A company’s office doesn’t have a public IP address.
My office does.
I have the Far office calling my Office over L2TP. The route between them is 2 points. On each router… I have a route that points to the l2tp route. Encryption engine grabs the traffic before it goes over the tunnel.
I vpn to my office… And I can then reach device on his network.
Is this similar to what you are trying to do?
No…the client VPN into two different routers, at the destination network, where the WAN is the first router and LAN is the second. There is a quarantine area that is the Ethernet connection…the network lan connection or wan of the second router. It’s within this network lan area that the client needs to present credentials (L2TP/IPsec) to proceed to LAN router’s addresses. Here is a diagram of the idea!

I got the inspiration from guys such as this: https://www.technadu.com/double-vpn/45274/
However, in their case, it’s to hide the IP address from one’s ISP. Whereas, in my case, it’s just because it seems doable and kind of a “James Bond” approach/novelty. Also, in my case, the WAN is a pfSense box and LAN is a Mikrotik (RB450gx4). Things I am wondering about is would it be better to use openVPN all the way or it doesn’t matter! Where are the forum Gurus!
Whenever I see oVPN in a Mikrotik thread… I stop reading. OpenVPN has been crippled in Mikrotik for like 10 years now.
Thanks Gotsprings…maybe that why I intuitively wanted to use L3TP/IPsec at the Mikrotik. That’s where I am struggling to visualize when the VPN client reaches the Mikrotik, how the client presents the user and key.
I think you need to set the IP address that the VPN client comes in as.
Then firewall rules will dictate what clients can then reach the next subnet.
If I understood the diagram… its not VPN from one site to another… but a wired connection.
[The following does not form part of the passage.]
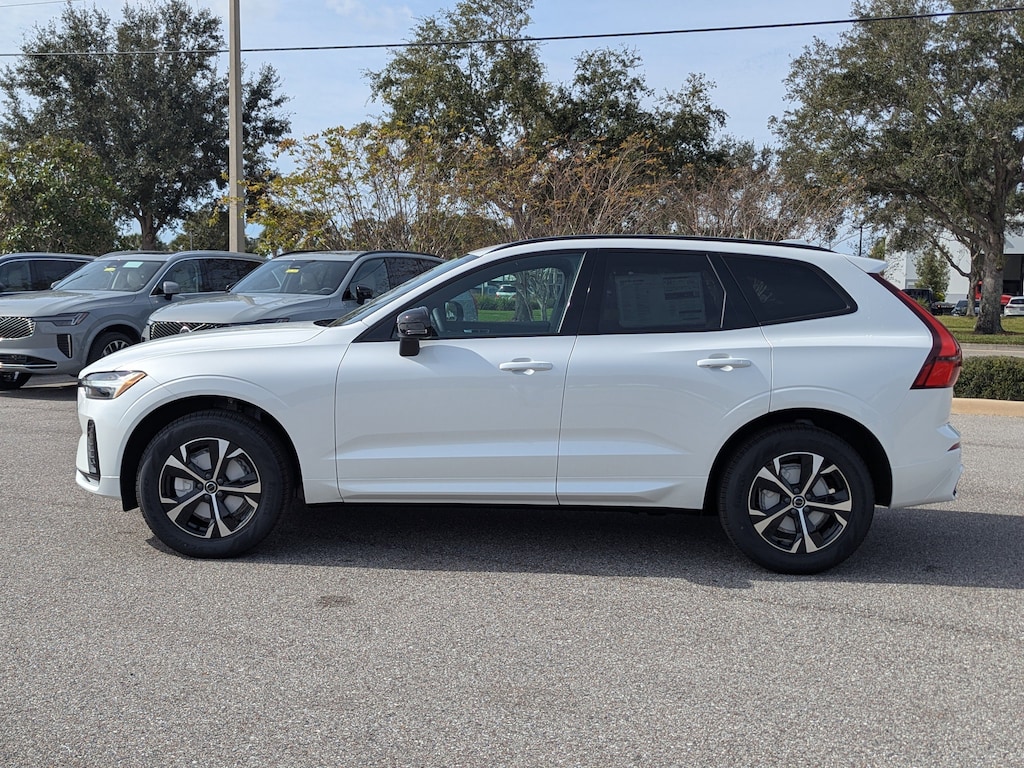 New 2026 Volvo XC60 B5 Core SUV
If that is the case… you have one feed from the first router and only need a switch on the far end.
I forgot to mention that the VPN is a road warrior setup. The VPN client, once leaving the pfSense box-(WAN), will come in on 192.168.1.1 to the Mikrotik (RB450Gx4) which has 10.0.8.0/24 network and where the subnet is the client real destination. The switch is already on the Mikrotik and in essence, the pfSense to the Mikrotik could be considered site-site VPN.